Nicci: How did you research all the information in the book? Tell us a bit about your research process.
Mini: It started while I was working on other picture books. When I’m making pictures, I always want something to listen to. So I listened to all the TED talks and online lectures and radio programs I could find about prehistoric life. (Radio 4’s In Our Time with Melvyn Bragg has a fantastic Prehistoric archive.) So I was trying to osmotically absorb as much about the past as possible. But then when I was building each page for real I had to properly research the facts. I had about 10 books that I used for my ‘framework’ of what story to tell, plus a lot of Wikipedia and also sometimes asking scientists.
Nicci: What was the most surprising thing you found out?
Well, the story of life on Earth is just one surprising thing after another. Some of the sizes that underwater creatures have grown to in the past have been staggering. For example Cameroceras was a straight-shelled nautiloid predator (relative of octopuses) that lived about 450 million years ago and could reach 10 metres long, like a colossal predatory ice-cream cone with grabbing tentacles.
Nicci: What was your favourite era to write about and to illustrate?
Mini: The Greatest Show is a bit of a whistle-stop tour, and I’d love to spend a bit more time and space to show more of the extraordinary animals that were around. I wish I’d had more space for the animals of the Permian, like the sail-finned Dimetrodon and sabre-toothed Gorgonopsids, and the crazy animals of the Triassic too, when weird crocs ruled. But maybe my favourite era to illustrate was the Carboniferous Age when plants boosted the oxygen levels in the atmosphere with and insects grew really big (an opportunity to show insects manipulating puppet insects!)
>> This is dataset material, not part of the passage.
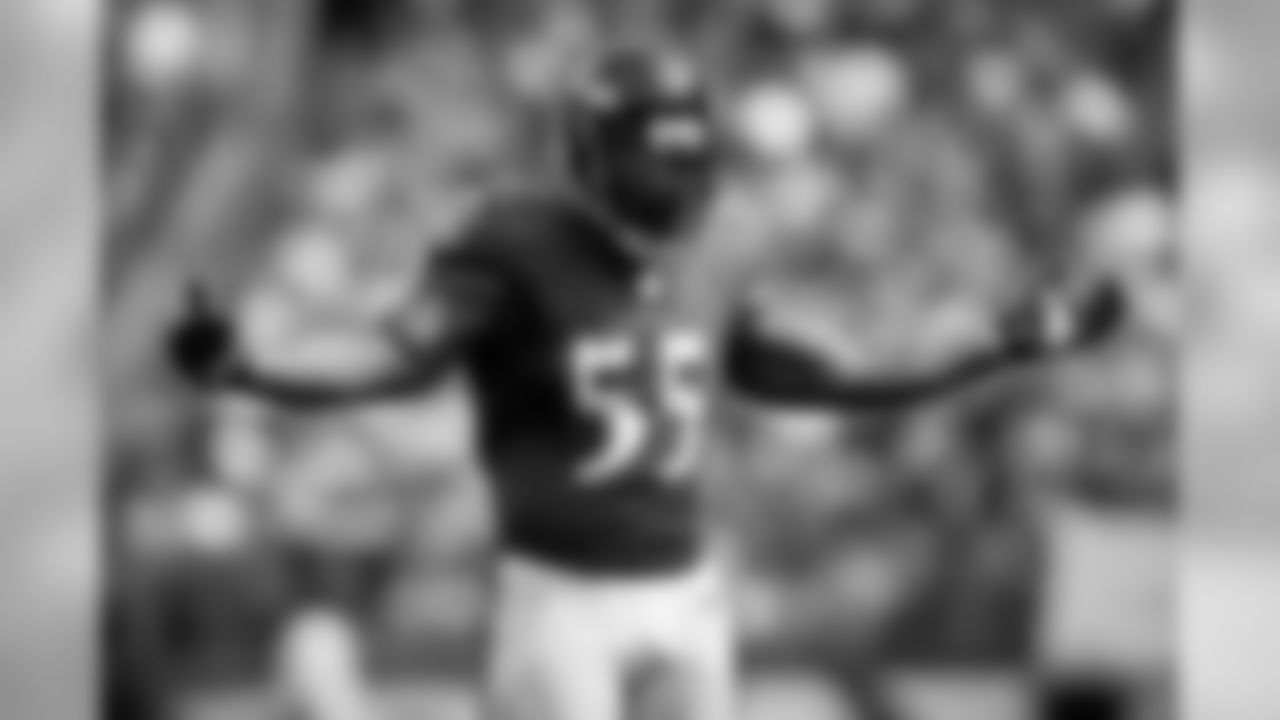 The biggest injury concern for the Texans this week might be the toe injury to starting left tackle Duane Brown. He spent the week in a walking boot and may have to miss Sunday's game. If Brown is unable to play, then look for outside linebackers Terrell Suggs and Elvis Dumervil to capitalize on backup Ryan Harris. Suggs and Dumervil are pushing each other in the sack race this season, and both have two. Overall, the Ravens have eight sacks through the first two games and this week could be another opportunity for them to get after the quarterback.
Nicci: How tricky was it to blend storytelling with so many complicated facts and timeline information? (Love the tape measure of time!)
Mini: Thank you! My challenge was to distil the story of each page down to one key scene in the Main Stage, exploring another theme in the ‘wings’ and showing just one or two climate events in the Tape Measure – luckily at each 50 million year spread there seemed to be a new evolutionary innovation – like having two arms and legs (being a tetrapod) or having an egg that could be on land without drying out (being a reptile.)
Nicci: There are plenty of fictional elements carefully inter-spliced re-reading the book, was that important for you to keep perhaps a human or non-visual narrator out of the picture?
Mini: I guess I couldn’t pretend to ever know authoritatively the story of life on Earth, so having a probably fairly unreliable cockroach narrator was useful!
Nicci: Why choose insects as your acting troupe? Any of them named after real life people?
Mini: I think picture books are a great way to offer a non-human viewpoint, and insects are our companions on Earth but we don’t often empathise with them. Plus they are small, which offers up puppetry possibilities on a shoebox stage! (They’re not named after real people, but some of them are named after some of the insects I drew for an Inktober challenge called ‘Meet The Relatives’.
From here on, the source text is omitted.